(Web page caption snippets)
================================

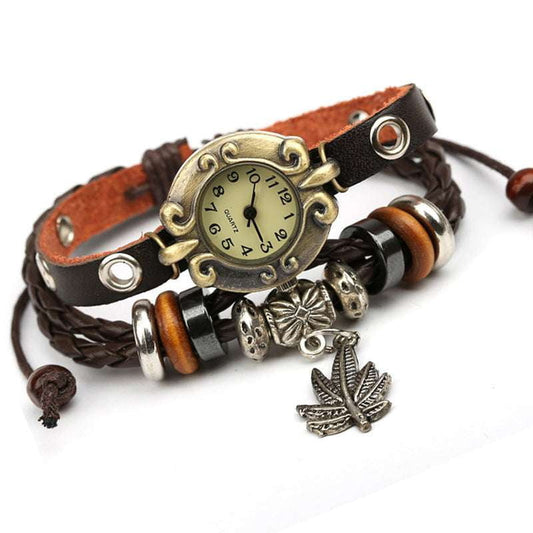 beaded leather wristwear, genuine leather watch, retro bracelet watch - available at Sparq Mart
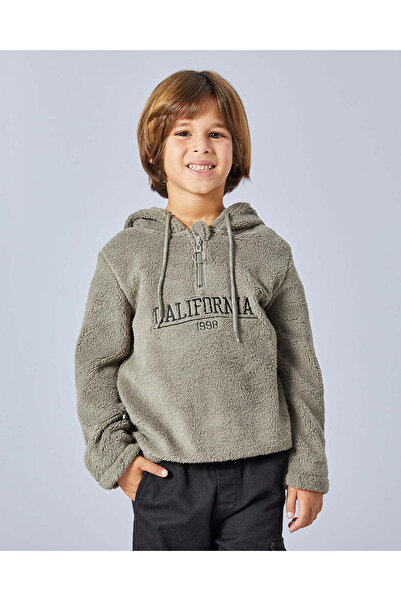 REDTAG Boys Green Hooded Sweatshirt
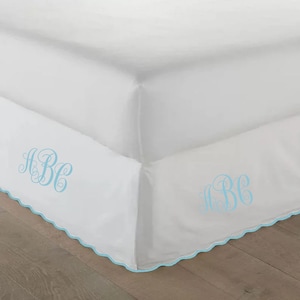 Pushp Linen 1 PIECE Monogrammed Scalloped Tailored BEDSKIRT 3 sided ONLY 100% Cotton Sateen  Drop from 8&quot; to 39&quot;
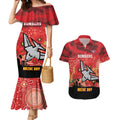 Custom Essendon Football ANZAC Couples Matching Mermaid Dress and Hawaiian Shirt Gallipoli Camouflage With Poppies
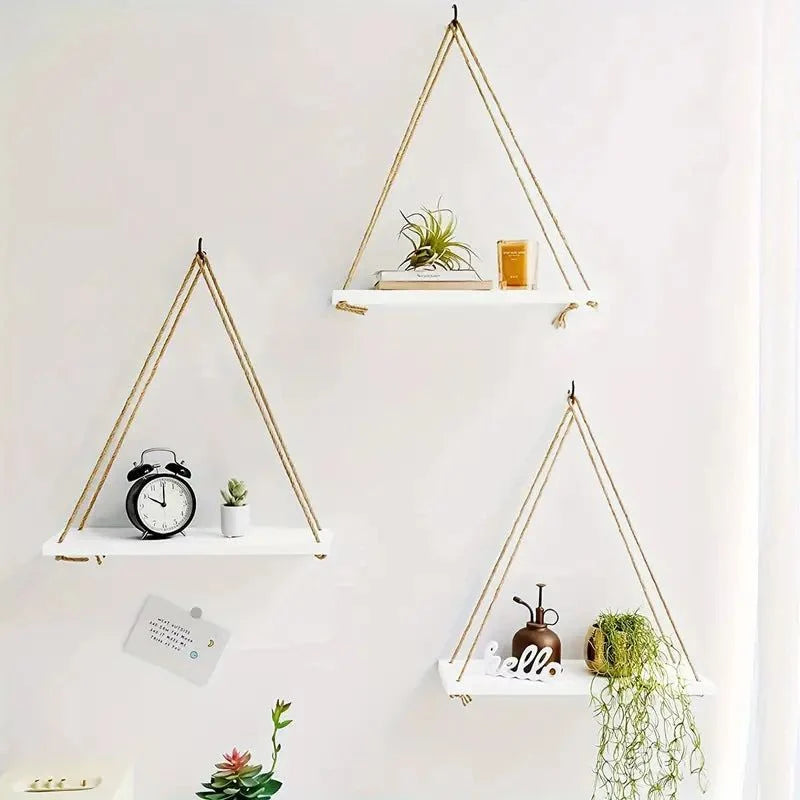 Hanging Wall Shelf | Rope-Supported & Wooden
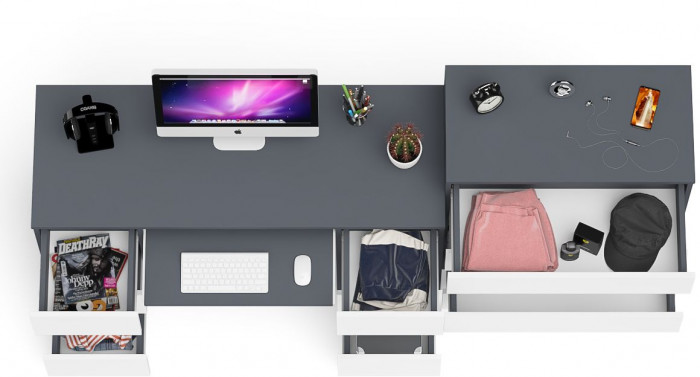 Мори компьютерный стол МС-2 + Комод МК800.4, графит/белый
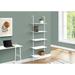 Bookshelf, Bookcase, Etagere, Ladder, 5 Tier, 72" Height, Office, Bedroom, Metal, Laminate, Marble Look, Contemporary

================================

Set down, exactly as written above, each line from the one with "Pushp Linen 1" through the one with "Custom Essendon Football", and skip the pictures.

 Pushp Linen 1 PIECE Monogrammed Scalloped Tailored BEDSKIRT 3 sided ONLY 100% Cotton Sateen  Drop from 8&quot; to 39&quot;
 Custom Essendon Football ANZAC Couples Matching Mermaid Dress and Hawaiian Shirt Gallipoli Camouflage With Poppies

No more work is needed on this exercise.